La calibración trazable es más importante aquí que en la mayoría de las demás áreas de las pruebas de electrónica automotriz, ya que las afirmaciones sobre la precisión del BMS terminan alimentando los argumentos de garantía y seguridad sobre la capacidad útil restante. Una cadena de medición de corriente —derivador o transductor, acondicionamiento de señal, ADC y cualquier filtrado digital— debe caracterizarse como un sistema comparado con un estándar de calibración trazable a un instituto nacional de metrología, y no asumirse precisa solo porque la hoja de datos de cada componente indique una tolerancia estricta de forma aislada. Las tolerancias a nivel de componente se acumulan, y los errores de ganancia y compensación de un sensor, un amplificador de aislamiento y una referencia ADC pueden combinarse de maneras que superan la precisión a nivel de sistema que el informe de prueba declara implícitamente.

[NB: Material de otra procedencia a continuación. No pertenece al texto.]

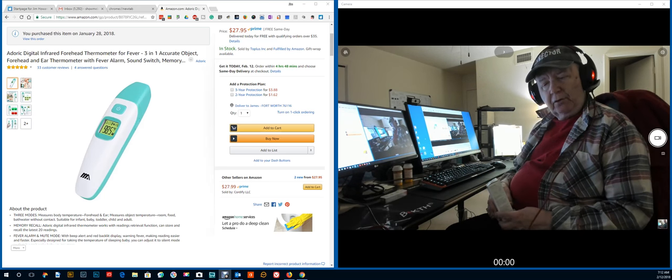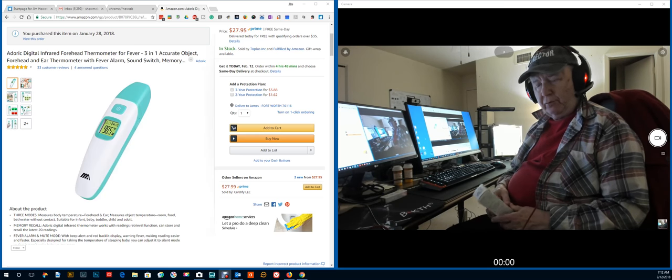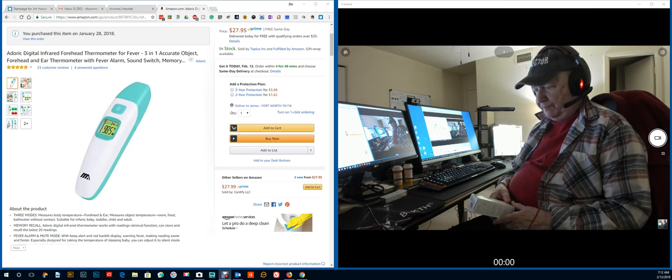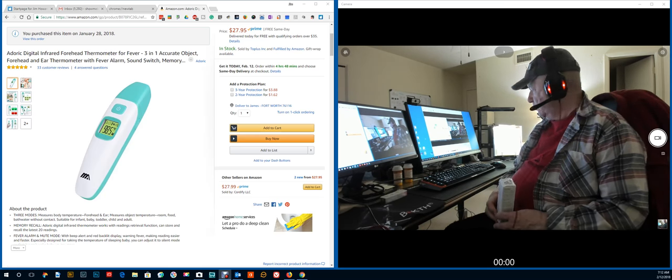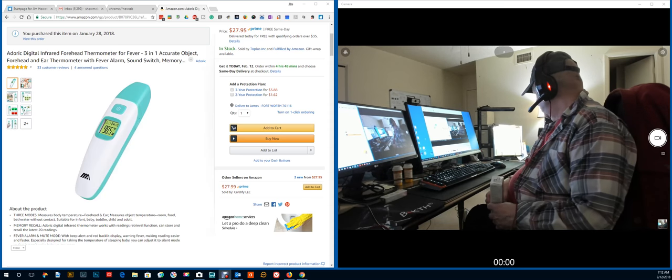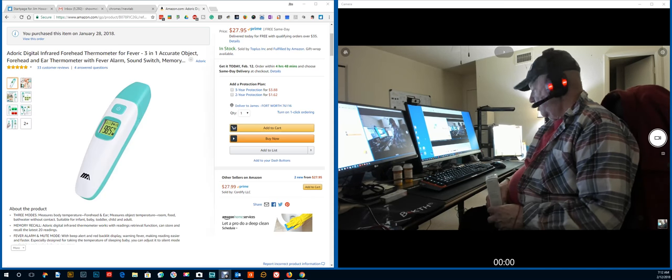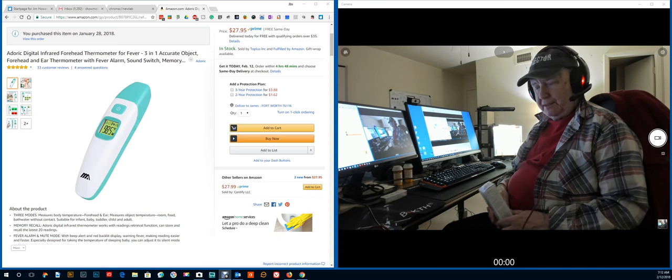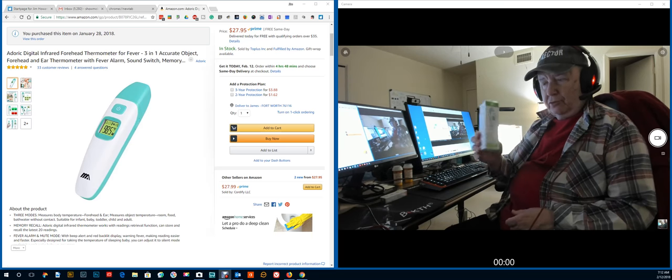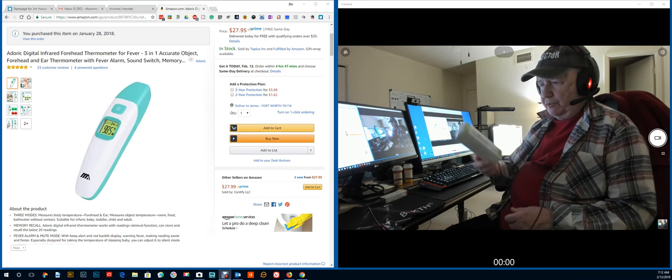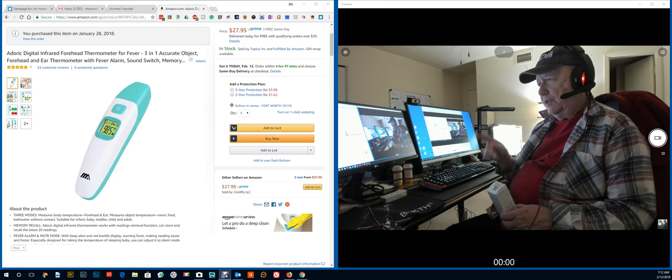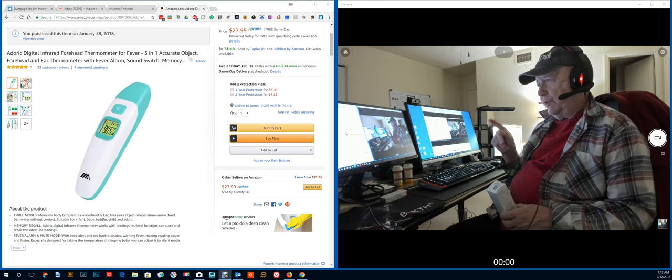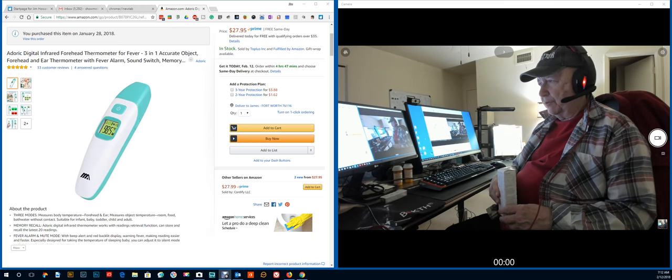Okay, hello there. Jim Howard here in Fort Worth, Texas. Today's date, it is February 12th of 2018. This is a review of this digital infrared thermometer.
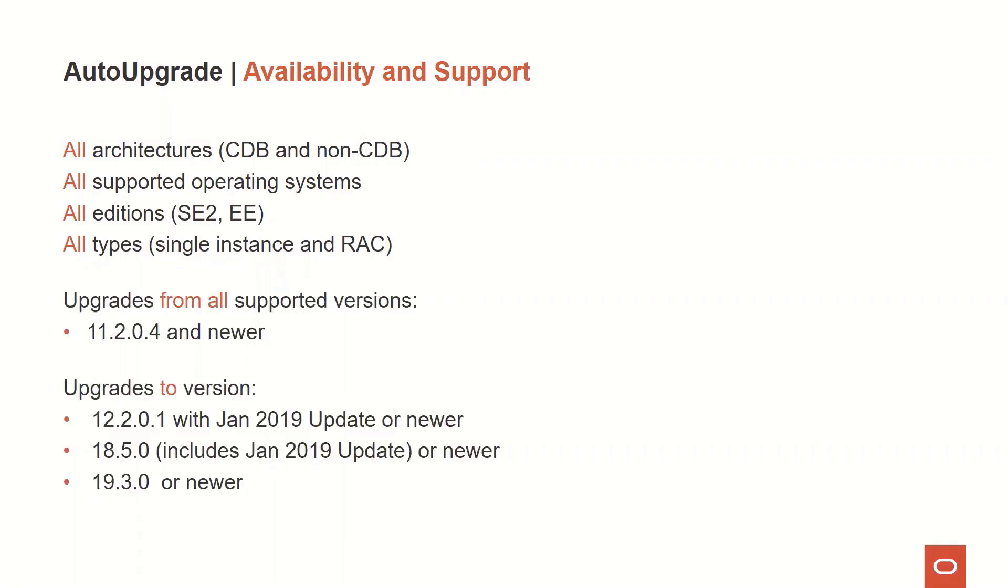With the AutoUpgrade, you can perform upgrades from all the supported versions, starting from 11.2.0.4 and newer versions. And you can upgrade to versions starting from 12.2.0.1 with the January 2019 Update or newer, and also towards versions 18.5 that already includes the January 2019 Update, or 19.3 or newer versions.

Construir un banco de pruebas que respete ambas restricciones simultáneamente.
En la práctica, los requisitos de aislamiento de seguridad y precisión de medición tienden a ser opuestos a menos que la arquitectura de prueba se planifique de forma deliberada. Agregar barreras de aislamiento introduce fuentes de ruido adicionales, retardo de propagación y posible no linealidad, todo lo cual va en contra de la precisión necesaria para la validación del BMS. Algunas prácticas tienden a diferenciar las configuraciones de prueba confiables de aquellas que generan datos controvertidos:
Para evitar el ruido inducido en la ruta de medición, es necesario enrutar los conductores de alta corriente y sus cables de detección Kelvin mediante trayectorias dedicadas y simétricas, físicamente separadas de los nodos de conmutación y de control de puerta, un problema que empeora, no mejora, a 800 V con flancos de conmutación más rápidos.
Valide las barreras de aislamiento en condiciones de conmutación reales, no solo en condiciones estáticas de alta tensión, ya que la corrupción de las mediciones relacionada con CMTI es un fenómeno dinámico.
Especifique la distancia de fuga y la distancia de seguridad para los dispositivos de prueba en función del grado de contaminación real del entorno del laboratorio, y vuelva a verificar los dispositivos al trasladar un programa de una plataforma de 400 V a una de 800 V, en lugar de asumir que la reutilización es segura.
Considere como unidad de calibración toda la cadena de medición de corriente, no los componentes individuales, y realice verificaciones periódicas comparándola con una referencia trazable en todo el rango dinámico que se espera que el sistema de gestión de baterías (BMS) observe en condiciones reales de funcionamiento.
Nada de esto es ingeniería exótica. Se trata de la aplicación rigurosa de estándares bien establecidos —IEC 60664-1, IEC 61010, ISO 6469-3 y la serie GB/T correspondiente para los mercados que lo requieran— combinada con un análisis honesto de cómo la tensión eléctrica de frecuencia de conmutación difiere de las condiciones estáticas para las que fueron redactados originalmente dichos estándares. Los equipos que logran una validación correcta de OBC y BMS suelen ser aquellos que tratan la coordinación del aislamiento y la precisión de la medición como un único problema de diseño integrado para el sistema de prueba, en lugar de dos elementos separados de una lista de verificación que deben cumplirse de forma independiente.